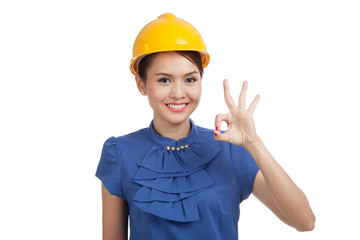 Asian engineer woman show OK sign
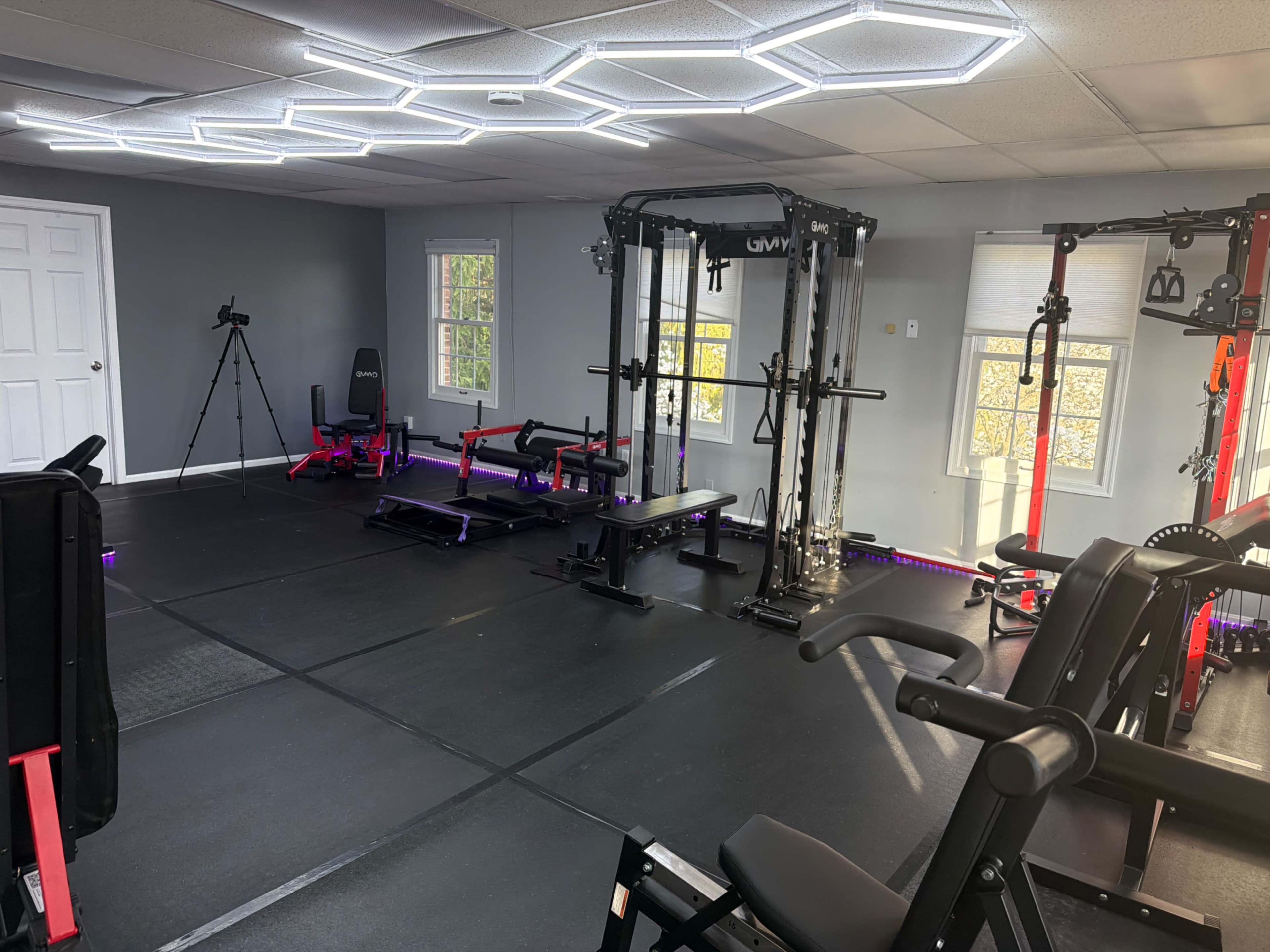 The image shows a well-equipped home gym featuring various exercise machines, benches, and weights, along with a tripod for a camera.
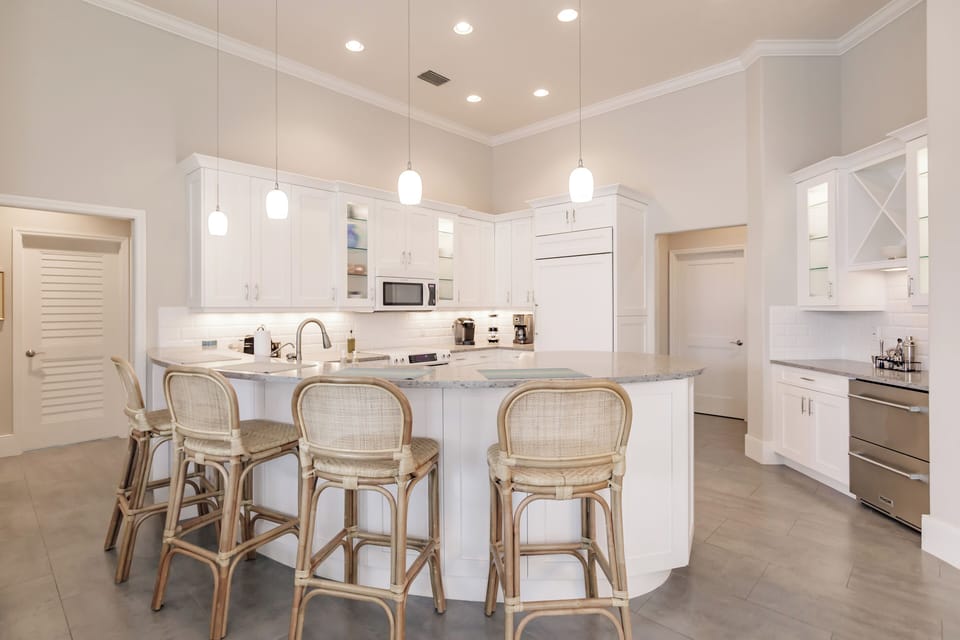 Gourmet Kitchen: Whip up your favorite dishes in this bright, modern space with stylish seating!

## EXERCISE REQUIREMENTS
Output the full material above exactly, leaving every picture out.

## REPLY TO THE EXERCISE
 Asian engineer woman show OK sign
 The image shows a well-equipped home gym featuring various exercise machines, benches, and weights, along with a tripod for a camera.
 Gourmet Kitchen: Whip up your favorite dishes in this bright, modern space with stylish seating!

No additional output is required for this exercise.